* [Task prompt]:
Every entry should be transcribed word for word, so that nothing is missing.

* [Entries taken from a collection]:
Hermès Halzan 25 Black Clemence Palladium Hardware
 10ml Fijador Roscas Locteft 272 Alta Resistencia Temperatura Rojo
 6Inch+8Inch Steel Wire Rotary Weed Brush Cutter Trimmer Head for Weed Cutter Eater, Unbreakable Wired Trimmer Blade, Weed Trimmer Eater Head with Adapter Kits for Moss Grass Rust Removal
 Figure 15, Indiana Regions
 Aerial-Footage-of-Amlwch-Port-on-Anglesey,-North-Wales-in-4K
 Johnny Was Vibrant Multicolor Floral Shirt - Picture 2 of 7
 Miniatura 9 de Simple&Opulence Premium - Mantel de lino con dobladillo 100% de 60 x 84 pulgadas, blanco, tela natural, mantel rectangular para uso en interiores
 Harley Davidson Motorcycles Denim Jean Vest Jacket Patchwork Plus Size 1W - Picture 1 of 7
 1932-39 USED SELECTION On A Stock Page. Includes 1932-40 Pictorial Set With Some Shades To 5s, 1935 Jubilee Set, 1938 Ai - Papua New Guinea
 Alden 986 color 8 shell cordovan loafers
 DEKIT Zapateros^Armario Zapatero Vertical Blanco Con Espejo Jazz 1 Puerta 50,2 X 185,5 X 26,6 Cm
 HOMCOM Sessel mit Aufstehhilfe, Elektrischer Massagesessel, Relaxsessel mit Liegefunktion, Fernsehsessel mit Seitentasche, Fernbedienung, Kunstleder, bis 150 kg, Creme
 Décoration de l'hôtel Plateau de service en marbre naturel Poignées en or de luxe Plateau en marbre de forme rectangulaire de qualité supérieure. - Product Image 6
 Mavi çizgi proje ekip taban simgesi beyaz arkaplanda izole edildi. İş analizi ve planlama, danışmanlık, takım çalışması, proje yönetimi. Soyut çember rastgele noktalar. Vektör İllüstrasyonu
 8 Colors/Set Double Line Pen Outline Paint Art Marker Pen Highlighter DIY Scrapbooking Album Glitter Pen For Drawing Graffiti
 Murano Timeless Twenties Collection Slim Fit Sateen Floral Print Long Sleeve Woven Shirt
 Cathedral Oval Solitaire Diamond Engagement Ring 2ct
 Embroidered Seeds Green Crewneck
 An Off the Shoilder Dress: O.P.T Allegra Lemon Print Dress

* [Your solution]:
Hermès Halzan 25 Black Clemence Palladium Hardware
 10ml Fijador Roscas Locteft 272 Alta Resistencia Temperatura Rojo
 6Inch+8Inch Steel Wire Rotary Weed Brush Cutter Trimmer Head for Weed Cutter Eater, Unbreakable Wired Trimmer Blade, Weed Trimmer Eater Head with Adapter Kits for Moss Grass Rust Removal
 Figure 15, Indiana Regions
 Aerial-Footage-of-Amlwch-Port-on-Anglesey,-North-Wales-in-4K
 Johnny Was Vibrant Multicolor Floral Shirt - Picture 2 of 7
 Miniatura 9 de Simple&Opulence Premium - Mantel de lino con dobladillo 100% de 60 x 84 pulgadas, blanco, tela natural, mantel rectangular para uso en interiores
 Harley Davidson Motorcycles Denim Jean Vest Jacket Patchwork Plus Size 1W - Picture 1 of 7
 1932-39 USED SELECTION On A Stock Page. Includes 1932-40 Pictorial Set With Some Shades To 5s, 1935 Jubilee Set, 1938 Ai - Papua New Guinea
 Alden 986 color 8 shell cordovan loafers
 DEKIT Zapateros^Armario Zapatero Vertical Blanco Con Espejo Jazz 1 Puerta 50,2 X 185,5 X 26,6 Cm
 HOMCOM Sessel mit Aufstehhilfe, Elektrischer Massagesessel, Relaxsessel mit Liegefunktion, Fernsehsessel mit Seitentasche, Fernbedienung, Kunstleder, bis 150 kg, Creme
 Décoration de l'hôtel Plateau de service en marbre naturel Poignées en or de luxe Plateau en marbre de forme rectangulaire de qualité supérieure. - Product Image 6
 Mavi çizgi proje ekip taban simgesi beyaz arkaplanda izole edildi. İş analizi ve planlama, danışmanlık, takım çalışması, proje yönetimi. Soyut çember rastgele noktalar. Vektör İllüstrasyonu
 8 Colors/Set Double Line Pen Outline Paint Art Marker Pen Highlighter DIY Scrapbooking Album Glitter Pen For Drawing Graffiti
 Murano Timeless Twenties Collection Slim Fit Sateen Floral Print Long Sleeve Woven Shirt
 Cathedral Oval Solitaire Diamond Engagement Ring 2ct
 Embroidered Seeds Green Crewneck
 An Off the Shoilder Dress: O.P.T Allegra Lemon Print Dress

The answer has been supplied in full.